What prompted the ban?
The ban itself came a month after the Himalayan Times reported the widespread use of such apps by Chinese tourists and businesses in Nepal. Because these companies aren’t registered in Nepal, Chinese tourists and businesses that used these apps were effectively bypassing the country’s tax system. Tech Lekh said some hotels and restaurants that focus on Chinese customers were encouraging this practice by putting QR codes on their bills. The illegal use these apps had also enabled Chinese business owners to bypass Nepal’s tax network when repatriating earnings to their home country. A street in Thamel, a tourist area in Kathmandu, has earned the name Chinatown because of the number of Chinese-run hotels and restaurants there, said a report in the South China Morning Post. A spokesperson for Nepal Rashtra Bank told the newspaper that there was no information available on the volume of transactions concerned. WeChat Pay has over 900 million active users and Alipay more than 700 million.

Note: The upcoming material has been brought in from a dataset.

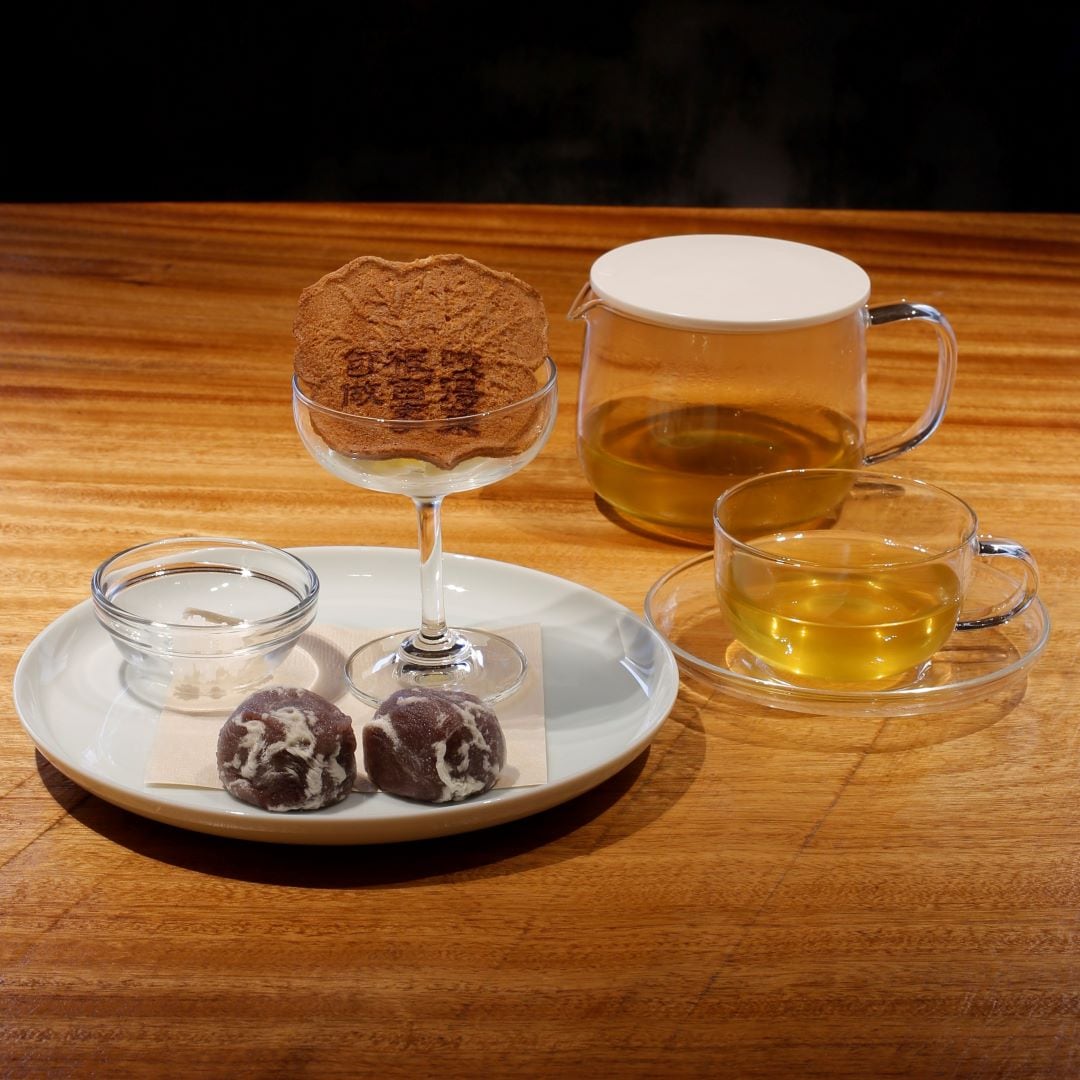 日本のお菓子とお茶のセット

Alipay meets officials, ropes in Himalayan Bank
Despite the ban, the government had said it would be willing to work with Chinese payment services if they applied for permission to operate in Nepal, and earlier this week, Alipay’s representatives met officials of Nepal Rastra Bank to discuss the launch. The company also roped in Himalayan Bank to introduce its services legally, the Tech Lekh report said. Himalayan Bank has asked NRB’s Foreign Exchange Management Department for permission to settle foreign-exchange transactions from Alipay. If and when it gets permission to do so, the proceeds will be deposited in the bank in US dollars.

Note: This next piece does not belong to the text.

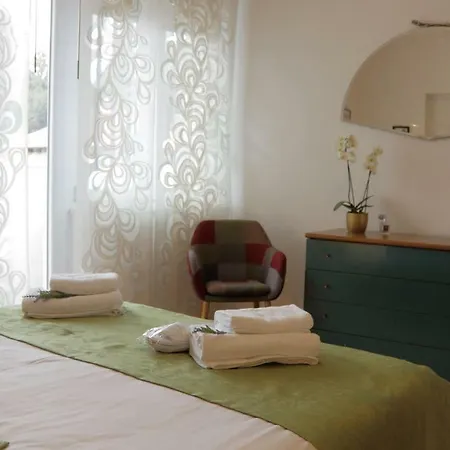 Premium Luma Apartment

However, there were still fears that Chinese tourists and business could bypass Himalayan Bank by using Alipay’s peer-to-peer payments feature. Alipay tried to allay these concerns, saying it provided different sets of unique 16-digit codes for transactions in Nepal and China so that codes generated in China could not be used in Nepal, the Himalayan Times said.

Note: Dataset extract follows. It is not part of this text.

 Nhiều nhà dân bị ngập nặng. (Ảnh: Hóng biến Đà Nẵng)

Under Nepali law, anyone found guilty of embezzling foreign exchange can be sentenced to up to three years in jail, as per Reuters. The country, which is heavily dependent on tourism, welcomed 1.1 million tourists in 2018, including 153,000 from China.
Communist government ‘steering Nepal towards China’
Nepal’s ban on Alipay and WeChat Pay is the first national ban on the two companies, Nikkei Asia Review reported, citing an unnamed person in the Chinese payments sector. The report said the ban came as a surprise as Nepal’s Communist government, elected in 2017, has steered the country toward China and away from its traditional ally India, and Chinese state-owned companies including ZTE have recently won contracts to expand 4G telecommunications networks in Nepal.
WeChat Pay, Alipay and India
In March, we reported that WeChat was is in the process of obtaining a payments license in India and was planning to launch a UPI app, likely called WeChat Pay, by the end of June. WeChat’s parent company Tencent had partnered with Axis Bank, HDFC and ICICI, and wanted create its own UPI handle. In China, WeChat Pay can be used to pay for utilities and financial transactions and works like a wallet and users get a payment account by default. However, in India, WeChat itself has failed to take off (see here and here). Alipay, on the other hand, isn’t seeking to enter India directly. Last year its parent company Alibaba invested $177 million in Paytm bring its holdings up to 40%.